C’est une révolution culturelle que la ministre de la Culture et des Arts, Malika Bendouda, entend initier. Face aux directeurs des théâtres régionaux réunis en conclave national au Palais de la culture Moufdi Zakaria d’Alger, la ministre a dévoilé les contours d’une politique théâtrale radicalement nouvelle, marquant une rupture assumée avec des décennies de gestion administrative figée. « La crise réelle n’est pas seulement dans les salles ou les lois, mais dans l’absence d’initiative », a affirmé la ministre dans un discours empreint de franchise. Posant les questions fondamentales de « pour qui produisons-nous ? » et « quel impact laissons-nous ? », Malika Bendouda a clairement signifié que l’ère du théâtre-vitrine était révolue. Désormais, les établissements publics devront justifier leur existence par leur rayonnement et leur utilité sociale. Cette vision s’accompagne d’un arsenal de mesures concrètes. Le communiqué qui a sanctionné la réunion annonce « une série de décisions financières et de gestion », à commencer par des « subventions financières immédiates pour la production de nouvelles œuvres théâtrales et l’amélioration de la situation actuelle des institutions ». Plus stratégique encore, « il a été officiellement décidé d’augmenter les budgets des théâtres en contrepartie des obligations de service public pour l’année 2026 ». Un signal fort dans un contexte de contraintes budgétaires.
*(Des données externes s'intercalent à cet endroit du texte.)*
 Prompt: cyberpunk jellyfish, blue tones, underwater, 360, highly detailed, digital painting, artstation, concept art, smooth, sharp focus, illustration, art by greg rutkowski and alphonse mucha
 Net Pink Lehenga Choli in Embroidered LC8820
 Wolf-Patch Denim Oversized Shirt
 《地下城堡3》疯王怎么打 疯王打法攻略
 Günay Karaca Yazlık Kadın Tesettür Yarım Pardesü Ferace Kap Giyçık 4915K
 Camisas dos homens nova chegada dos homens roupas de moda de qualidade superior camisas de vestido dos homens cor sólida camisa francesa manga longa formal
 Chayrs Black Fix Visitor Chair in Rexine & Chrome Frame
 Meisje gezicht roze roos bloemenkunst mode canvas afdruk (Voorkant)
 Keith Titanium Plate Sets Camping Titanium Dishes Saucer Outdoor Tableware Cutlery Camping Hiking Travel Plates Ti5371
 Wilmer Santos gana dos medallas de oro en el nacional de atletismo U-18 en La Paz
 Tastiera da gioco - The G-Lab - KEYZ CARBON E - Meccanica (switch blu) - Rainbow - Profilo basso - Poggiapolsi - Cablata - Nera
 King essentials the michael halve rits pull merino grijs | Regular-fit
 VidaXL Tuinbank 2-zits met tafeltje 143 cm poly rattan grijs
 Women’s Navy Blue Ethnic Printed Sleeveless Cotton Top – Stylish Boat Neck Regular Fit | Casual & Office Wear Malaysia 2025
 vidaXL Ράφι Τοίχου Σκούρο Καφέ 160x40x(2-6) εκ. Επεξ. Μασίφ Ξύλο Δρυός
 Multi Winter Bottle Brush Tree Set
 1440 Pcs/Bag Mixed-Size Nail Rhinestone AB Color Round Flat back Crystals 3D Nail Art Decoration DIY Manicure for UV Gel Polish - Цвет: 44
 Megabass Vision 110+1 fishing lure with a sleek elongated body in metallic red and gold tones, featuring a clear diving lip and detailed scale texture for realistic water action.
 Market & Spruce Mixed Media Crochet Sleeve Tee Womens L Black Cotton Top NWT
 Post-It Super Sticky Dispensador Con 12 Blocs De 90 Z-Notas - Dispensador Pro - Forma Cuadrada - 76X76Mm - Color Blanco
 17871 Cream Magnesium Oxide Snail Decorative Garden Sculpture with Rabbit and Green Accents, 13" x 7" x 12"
Mais au-delà de l’injection financière, c’est toute l’architecture institutionnelle qui est repensée. La ministre a annoncé « le lancement d’une opération majeure de restructuration du secteur théâtral, couronnée par la création d’un organisme national du théâtre ». Cette instance, dont les contours restent à préciser, devrait centraliser la stratégie nationale et coordonner l’action des structures régionales.
Contrats de performance
Le ton du discours ministériel ne laisse aucune place à l’ambiguïté. « Les théâtres ne peuvent rester des murs sourds, ce sont des espaces de dialogue sociétal et d’expérimentation artistique audacieuse », a martelé Malika Bendouda, ajoutant que « la prochaine étape est celle du contrat de performance : la confiance contre la responsabilité, le soutien contre des résultats tangibles ». Les directeurs sont ainsi prévenus : les moyens seront là, mais les résultats devront suivre. Les directives adressées aux gestionnaires dessinent un cahier des charges ambitieux. Fini la programmation routinière : les théâtres devront désormais établir une « planification stratégique » articulée autour de quatre piliers. L’efficacité financière d’abord, avec « une gestion rationnelle des ressources » et la recherche de « financements et partenariats d’investissement en plus des subventions de l’État ». La qualité artistique ensuite, imposant « une programmation régulière de spectacles répondant à des critères artistiques rigoureux », avec une révision des mécanismes des comités artistiques pour garantir la production d’œuvres capables de « reconquérir le public dans les salles » et d’assurer « une présence qualitative et honorable du théâtre algérien dans les manifestations et festivals internationaux ».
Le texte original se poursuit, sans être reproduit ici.